Nanosecond Latency Monitoring
Nanosecond Latency Monitoring
By Fergal Toomey - Chief Scientist and Co-Founder at Corvil
Trading speed continues its relentless growth and where once the millisecond was the basic unit of measurement, many participants now speak exclusively in terms of microseconds. A recent press release from Corvil, describing how the firm is helping Nomura to measure latency with nanosecond granularity, raised eyebrows as it appears to presage an imminent breach of the microsecond barrier.
The truth is that components of the trading loop are now using hardware-based technologies to achieve latencies in the low microsecond range. This necessitates the use of nanosecond-level measurement to gauge their performance. Nomura's NXT Direct DMA service, which provides market access to Nomura's clients with less than 3 microseconds of latency, is an example of this trend.
Nanosecond-level measurement is proving particularly important for co-located trading systems, where component latencies of a few microseconds can have a material impact on end-to-end performance. Co-location reduces the impact of distance-related latency, making the relative impact of system latency all the more important. Designers working on performance improvements for these components do literally think in terms of fractions of a microsecond today. As well as the example of co-located DMA, a second area that I believe will benefit soon from nanosecond-level measurement is tick-to-order latency for co-located algorithmic trading services. Tick-to-order latency measures how quickly a trading system can respond with orders to opportunities in the market, when they become visible via market data feed updates or 'ticks'. It is a key performance metric for high frequency trading, and designers using FPGA-based technologies are already targeting values in the low microseconds.

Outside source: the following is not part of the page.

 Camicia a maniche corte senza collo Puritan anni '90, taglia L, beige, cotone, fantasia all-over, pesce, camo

Nanosecond measurement will also offer traders a new level of insight into latency within the exchange itself. Many traders already monitor market response times, such as the time taken to acknowledge an order, or for a placed order to become visible in the market data feed. These measurements can help reveal why a particular order-request was not successful, for example. Response times are now well into the sub-millisecond range in many cases, even if they haven't quite reached the single-digit microsecond level yet. But traders are often interested in monitoring small changes in response time and how they might affect the behaviour of their strategies – after all, it is relative speed (rather than absolute response time) that determines trading success. With nanosecond-level measurements, truly tiny latency differences start to become visible. For example, it takes about 5 nanoseconds for a signal to travel one metre through cable – so even changing a cable length by a few metres within the exchange will produce effects that traders can observe.

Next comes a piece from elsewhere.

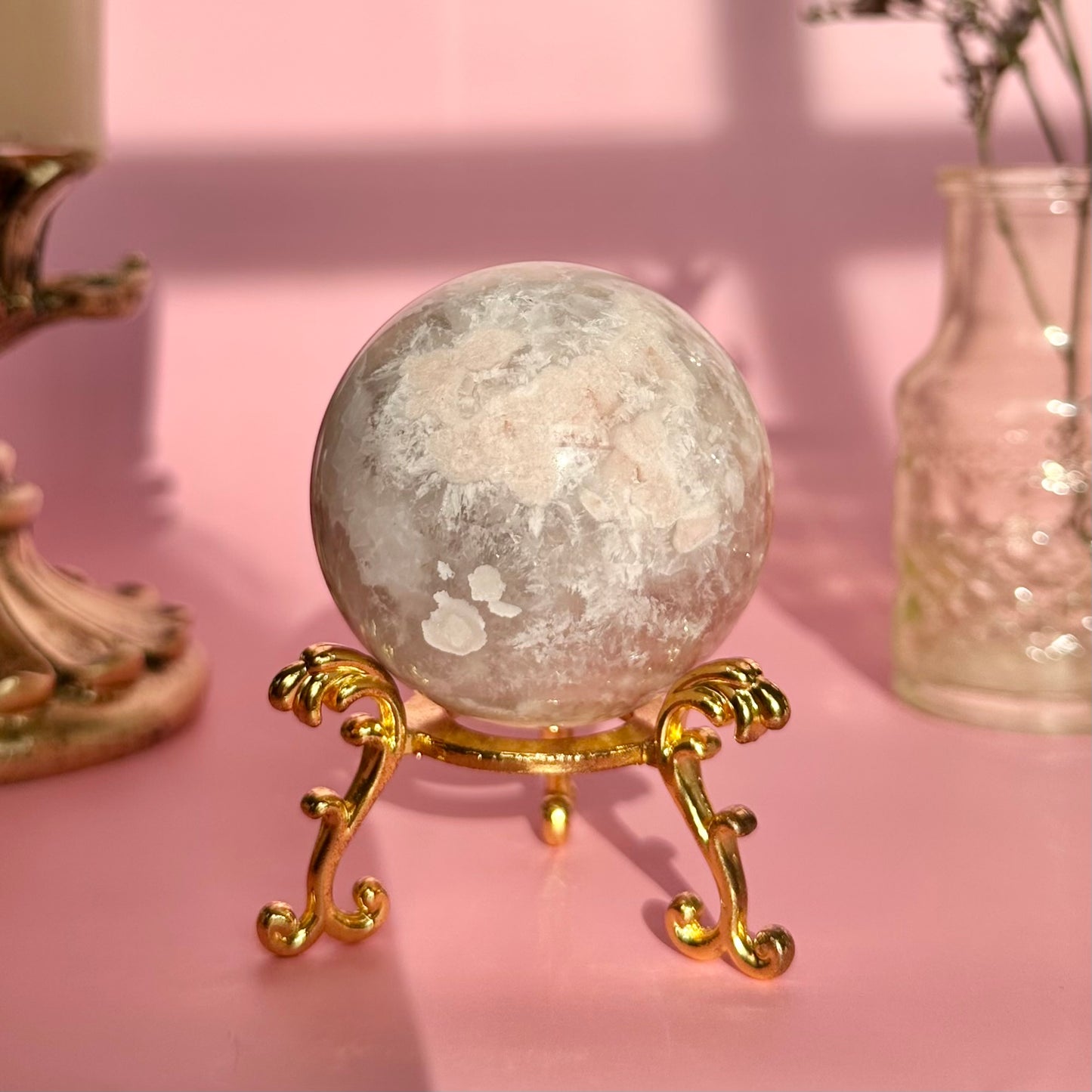 Pink Amethyst Flower Agate Sphere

A nanosecond is such a short period of time that we are often asked how it is possible to measure at this level of granularity. It is worth explaining some aspects of the answer here, especially because there are obvious approaches that do not actually work. The starting point for any latency measurement is the creation of timestamps for events of interest, such as the arrival of a market data update into a trading system or the transmission of a resulting order-request back towards the exchange. To achieve nanosecond precision these timestamps must be generated in hardware using specialized time-stamping equipment. Software timestamps, while easy to generate, are unfortunately not precise enough to consistently support even microsecond-level accuracy. This is partly because it is surprisingly difficult to access high resolution time information from software without careful, platform-dependent design. And it's partly because events detected in software can be ambiguous due to process-scheduling and buffering effects. Hardware time-stamping avoids these problems by triggering off well-defined low-level events (such as arrival/transmission of a network packet) and by ensuring fast access to a high resolution timer when the event occurs.

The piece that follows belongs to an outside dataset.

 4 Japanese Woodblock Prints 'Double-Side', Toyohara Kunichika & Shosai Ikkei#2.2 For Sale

To calculate latency values at least two timestamps for different events must be compared. Best results are achieved when these timestamps come from the same clock, since otherwise we will have to worry about keeping clocks in sync. Even when using a single clock, the clock-speed relative to 'real-time' might be fast or slow, and can change due to temperature fluctuations. Clearly a clock that is running fast will produce latency measurements that are too short. In practice, most crystal-based clocks used in computer systems have speeds that are accurate to within a few tens of parts per million when used in a temperature-controlled data center environment. This is sufficient to allow nanosecond-level measurement for short latency values; for example, a measured latency of 1 millisecond will be accurate to within a few tens of nanoseconds. One might try to eliminate clock-speed inaccuracy by synchronizing the clock to a more stable external time source. But it turns out that most techniques for synchronizing clocks stuggle to achieve accuracy in the tens-of-nanoseconds range. For measuring short latency values, you will normally do best by letting the clock run free.
Once precise comparable timestamps are available for different events, the final step is to stitch them together to calculate useful latency metrics such as order response times, network transit times or tick-to-order latency values. This requires understanding the business transactions of interest, and using tools that can rapidly search streams of events to find the meaningful transactions within them. The process can be challenging in environments where data rates are high, multiple different protocols are in use and data is transformed many times as it passes along the trading loop. But it is a crucial step to extract real value from precion time-stamped event data.